Risk management forms part of the group’s business pro­cesses in all operational units. In this way the risk manage­ment process is tied to internal controls. The group and its operational units assess the risks of their operations, prepare risk management plans and report risks in accordance with the organizational structure. The Audit Committee and Board of Directors address risks in connection with the addressing of other business operations. Risk management is taken into consideration in the group’s quality systems, which include also survival plans. There is a more detailed statement of the group’s different risks and their management which can be found in the Investor Relations section of the Internet pages of the company.

The purpose of Enedo’s risk management system is to identify the strategic, operational and financial risks faced by the company and any conventional risks of loss. The risks that Enedo takes in its operations are risks that are encountered in pursuit of the company’s strategy and goals. Risk management seeks to control these risks in a proactive and comprehensive manner. The measures taken can include risk avoidance, risk reduction, and risk transfer by insurance or agreement.

THE MOST SIGNIFICANT RISKS

Enedo has specified the most significant risks and their management from the point of view of the entire Group. According to the Board of Directors’ estimate, the most significant risks are associated with the dependence on the key customers, delays in development projects of new products and materials management.
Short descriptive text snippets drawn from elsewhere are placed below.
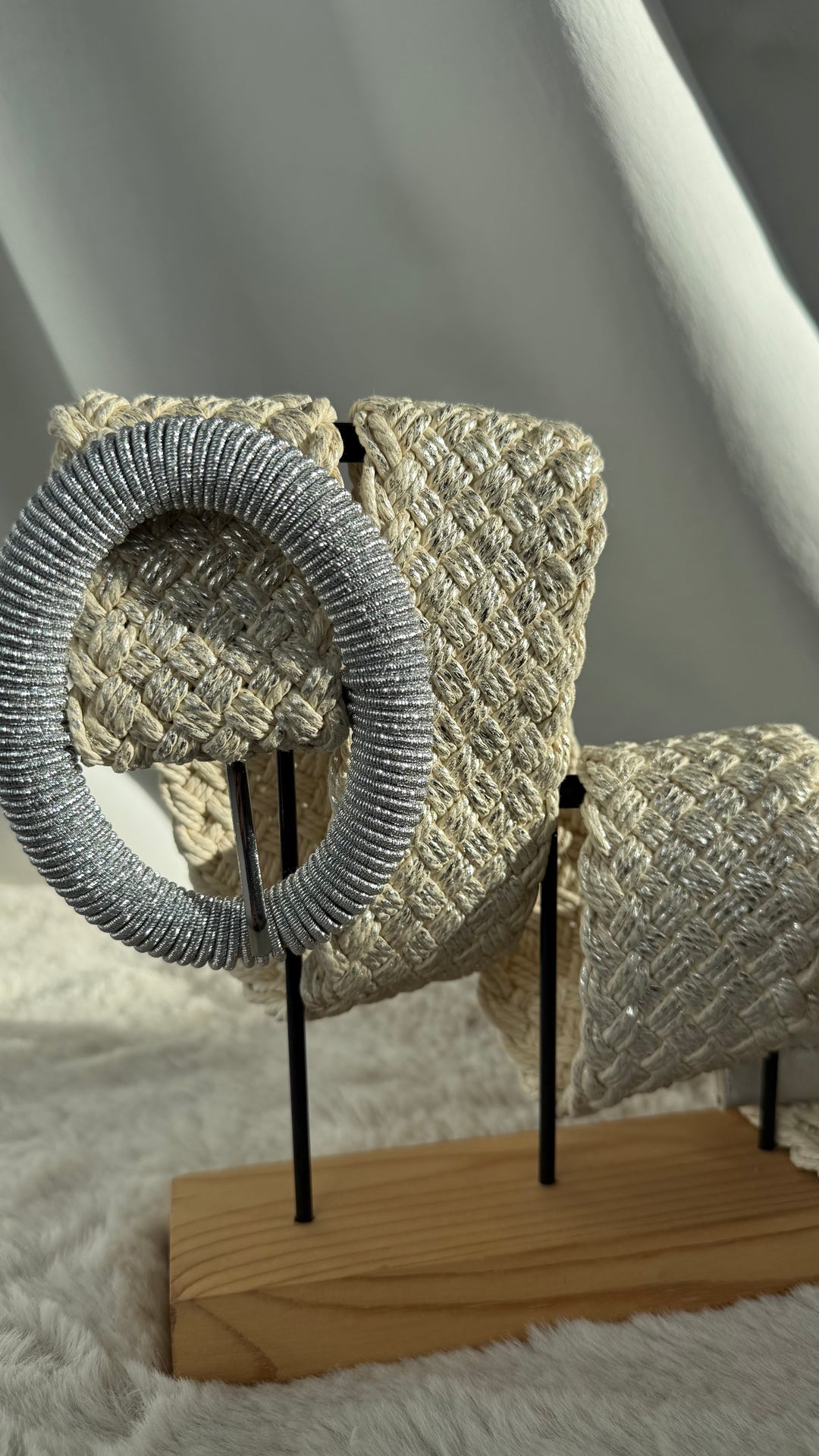 Breiter Flechtgürtel mit Glanzschnalle / beige - metallic Art.16273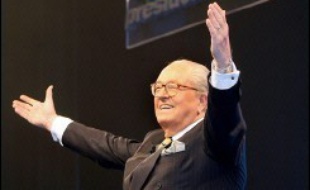 Une partie du système informatique, concernant la liste des maires apportant leur parrainage au candidat du Front National à la présidentielle Jean-Marie Le Pen, a bien été piratée au siège du FN à Saint-Cloud (Hauts-de-Seine).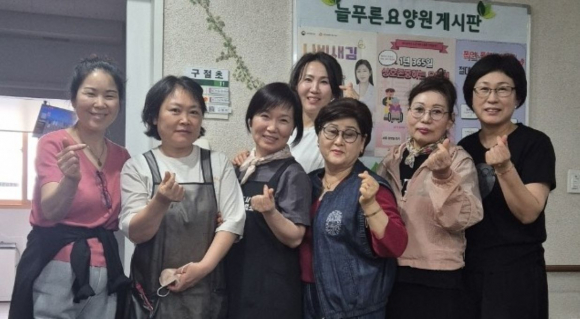 경주시 착한가격업소연합회 회원들이 4월 30일 늘푸른요양병원에서 입원 어르신들을 대상으로 미용 봉사활동을 펼치고 있다.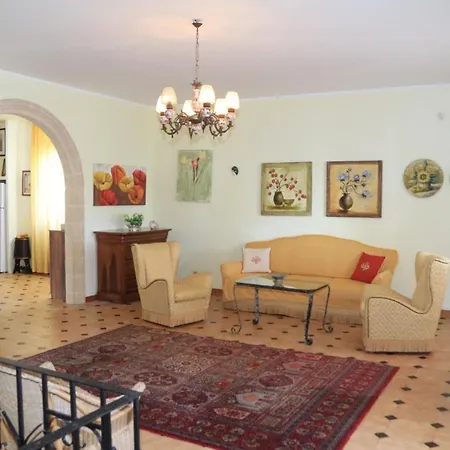 Villa Santoro Lido Marini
Short term risks are described in Interim Reports.

DEPENDENCE ON CERTAIN MAIN CUSTOMERS

Challenges to the demand for Enedo products have been caused by dependence on certain main customers.  Strong dependency  on the telecom customers’ demand in the customized products  business model can cause delivery reductions if the demand is weak.  It is difficult for Enedo to rapidly adjust its operations to this fluctuation because products can not be sold to another customers.  Enedo aims to widen its customer base and decrease its dependence on certain customers according to the strategy by developing new accounts and by  increasing the share of standard products and industrial sector. Dependence on main customers is approx. 40 %.

RISKS ASSOCIATED TO PRODUCT DEVELOPMENT PROJECTS

If Enedo’s Product Development is delayed in its projects for new products or that products are unable to meet customer requirements in terms of a product’s performance or quality may have an impact on profitability of the company.

The aim of the risk management is to prevent risks by developing Product Development processes, customer intimacy and by improving the skills of personnel. The company is dependent on the success of its product development projects.

MATERIAL MANAGEMENT

Material and component costs are the largest items in the company’s cost structure and therefore efficient order and supply chain management is important for the profitability of the company’s business operations. Material risk consists of a delivery time and  technical features of the components. Delivery times of certain components are so long that the Company can loose the deal because the customer wants to have shorter delivery times. Components can also be technically defective and all components can not be tested before using them in manufacturing process.  Enedo manages risks associated to material costs and availability by using sophisticated information systems, supply chain management and through appropriate agreements with component suppliers and customers.